• _Task inputs_:
════════════════════

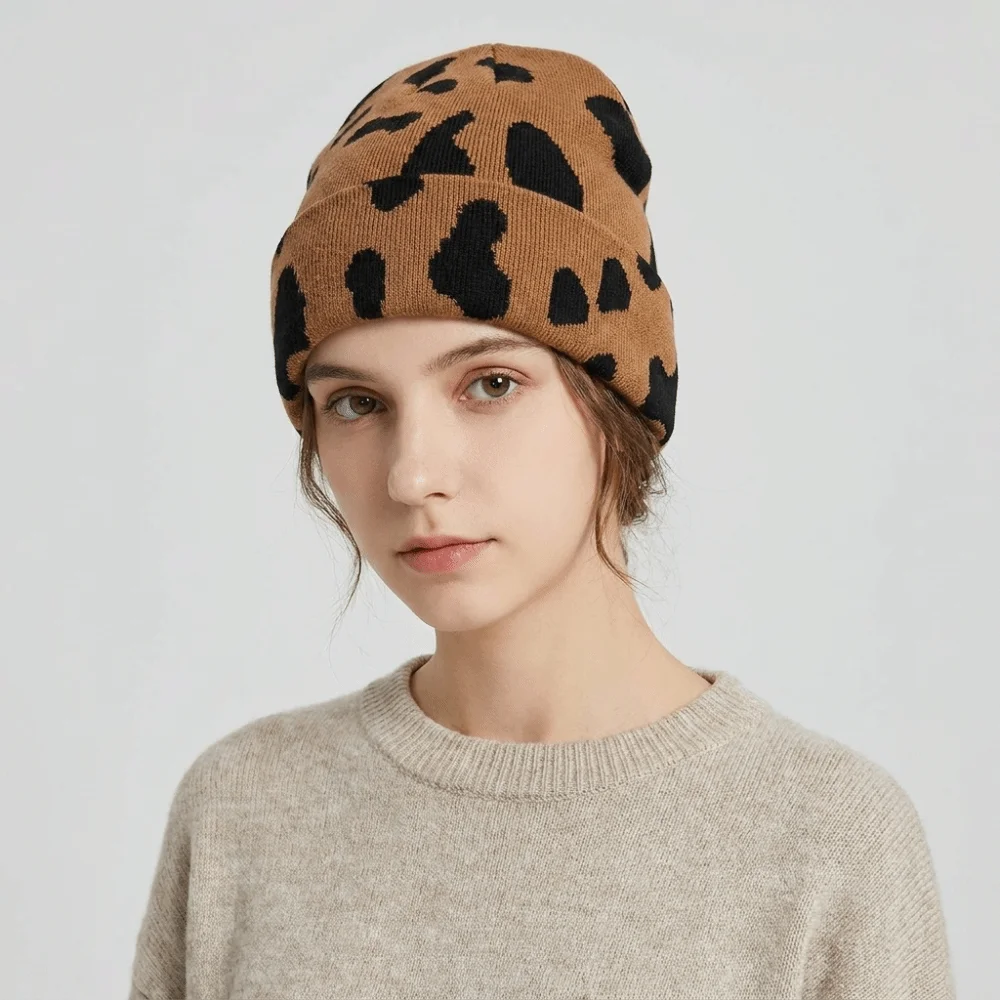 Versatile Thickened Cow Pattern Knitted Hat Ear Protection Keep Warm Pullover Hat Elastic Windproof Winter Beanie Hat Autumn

════════════════════

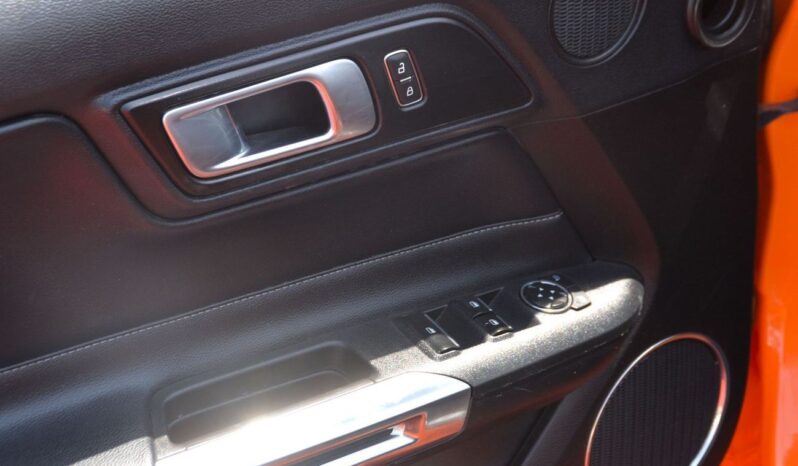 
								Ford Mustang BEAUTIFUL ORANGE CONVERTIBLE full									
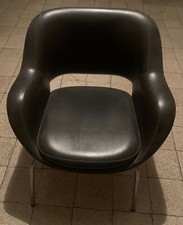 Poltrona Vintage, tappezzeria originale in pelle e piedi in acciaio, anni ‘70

════════════════════

• _Task prompt_: In the listing above, find the line with "Ford Mustang BEAUTIFUL" and the line with "Poltrona Vintage, tappezzeria". Output both, plus every line between them, and no pictures.

• _Solution for this problem_:
								Ford Mustang BEAUTIFUL ORANGE CONVERTIBLE full									
 Poltrona Vintage, tappezzeria originale in pelle e piedi in acciaio, anni ‘70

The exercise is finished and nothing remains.